Given information START

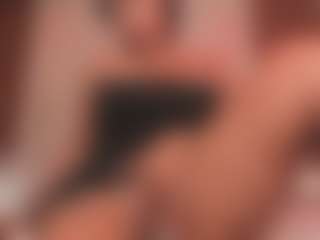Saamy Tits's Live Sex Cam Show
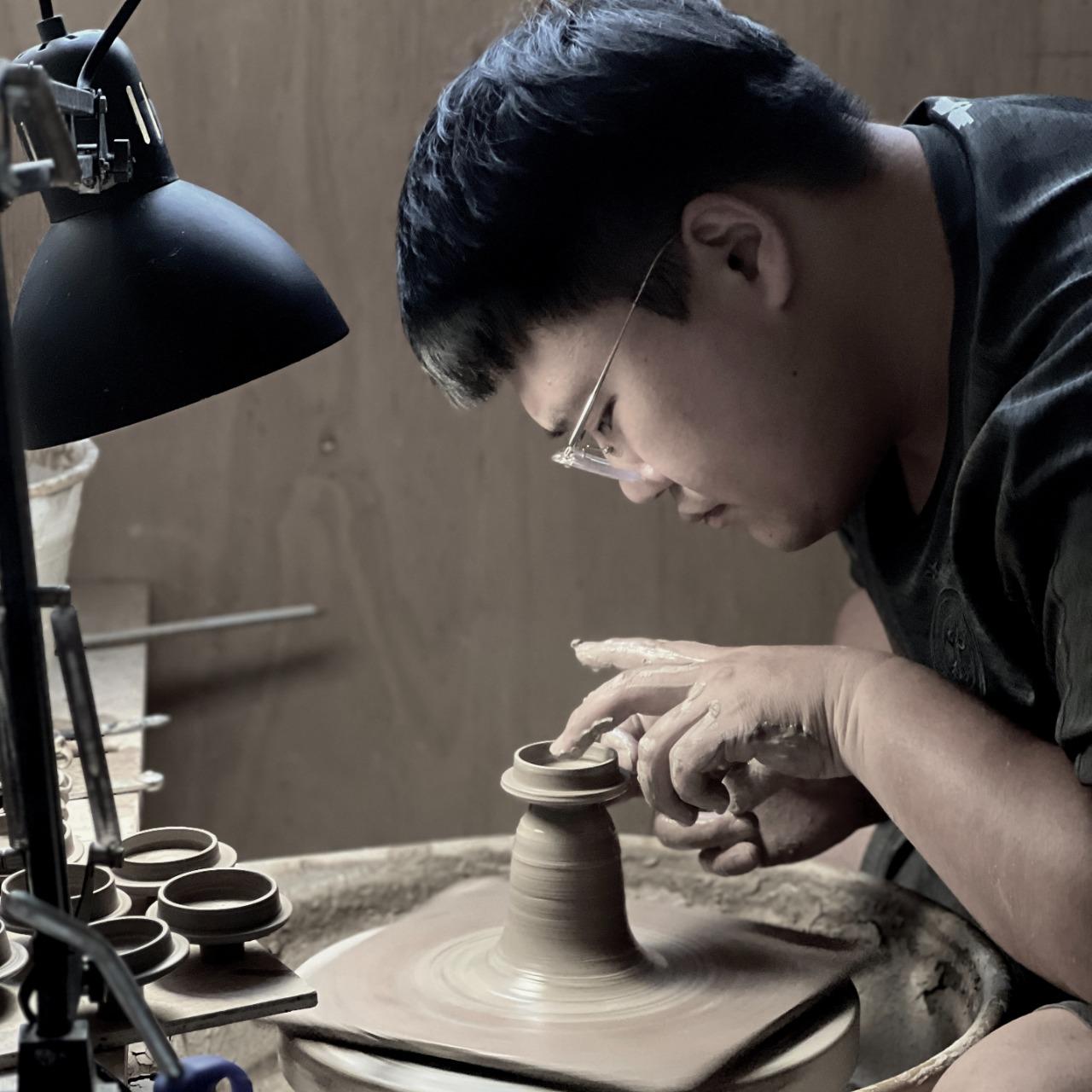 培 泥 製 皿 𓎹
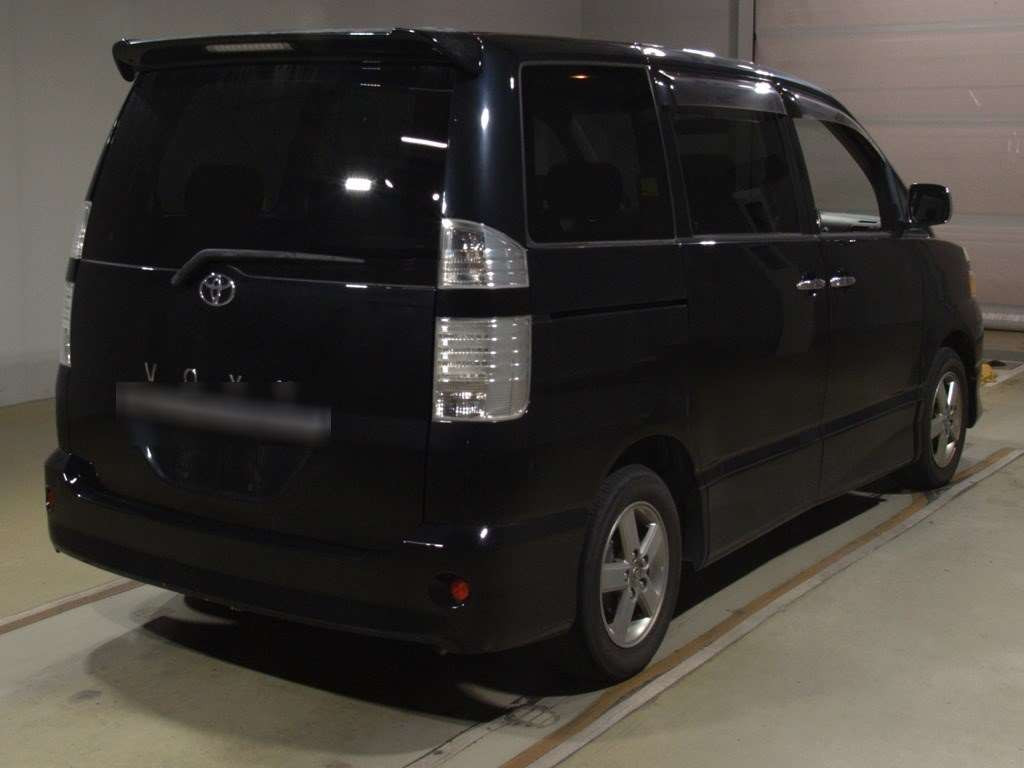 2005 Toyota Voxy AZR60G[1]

Given information END

= Work required =
Without the pictures, output the full listing exactly as it stands.

= Task answer =
Saamy Tits's Live Sex Cam Show
 培 泥 製 皿 𓎹
 2005 Toyota Voxy AZR60G[1]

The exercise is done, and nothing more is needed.